Une reforme sous pression

Face à l’opposition de la gauche, qui selon Rashida Dati persiste à lui mettre des bâtons dans les roues, et à la lenteur du traitement des amendements qui retarde et repousse constamment les relectures, la ministre de la culture utilise l’article 44.3 de la Constitution, afin qu’il y ait un seul vote de fait, pour l’ensemble du projet. Cela permet à Rashida Dati, d’envisager une adoption définitive, après un nouveau passage devant les députés.

« Depuis 7 heures de débat, nous n’avons pu débattre que de 31 amendements sur ce texte. Ce matin, on a encore vu de l’obstruction, toujours de l’obstruction, et encore de l’obstruction.
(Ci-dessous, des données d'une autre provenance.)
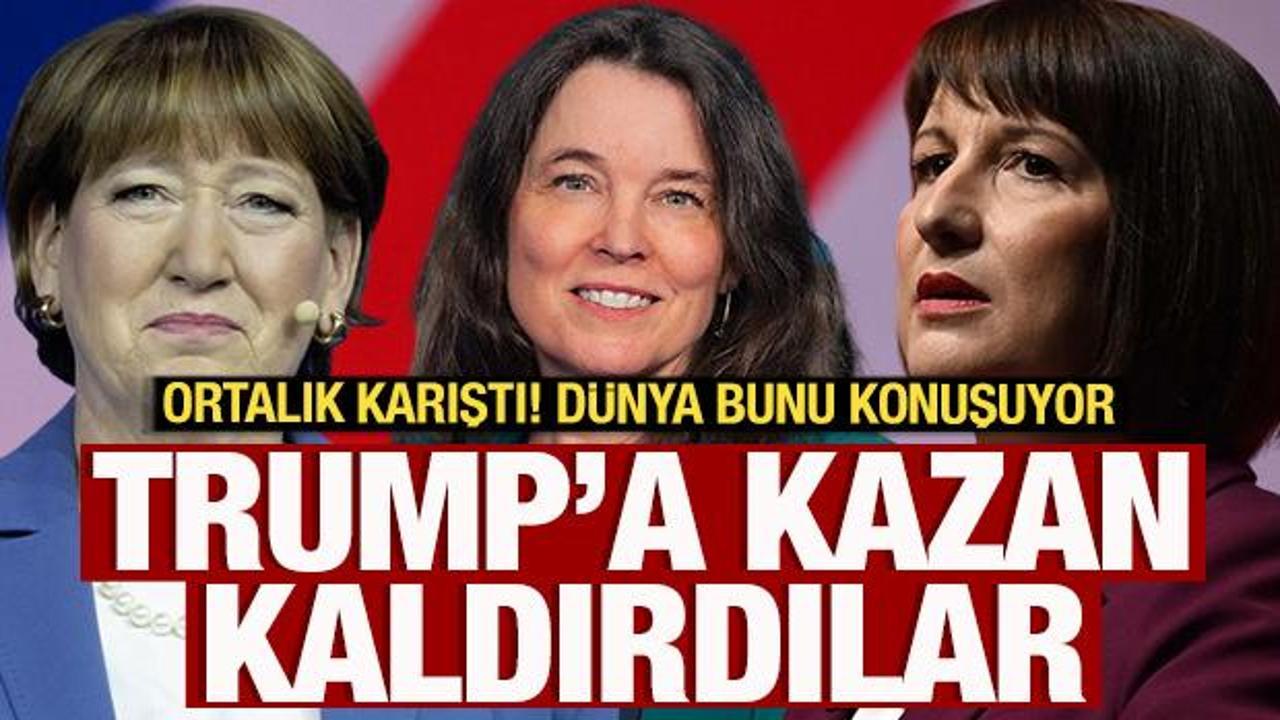 Ortalık karıştı, Trump’a kazan kaldırdılar! Dünya bunu konuşuyor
En 30 minutes, on a discuté d’un seul amendement, alors qu’il en reste 301 »

A-t-elle ainsi dénoncé devant les sénateurs, ce vendredi en milieu de matinée, en expliquant qu’avec le rythme actuel :

« il faudrait plus de 70 heures pour aller au bout du texte. »

Rachida Dati espère une adoption rapide du texte, après un vote favorable en commission début avril. Mais les oppositions persistent : la gauche dénonce une atteinte au pluralisme et une fusion déguisée, tandis que le RN juge la réforme insuffisante et milite pour une privatisation.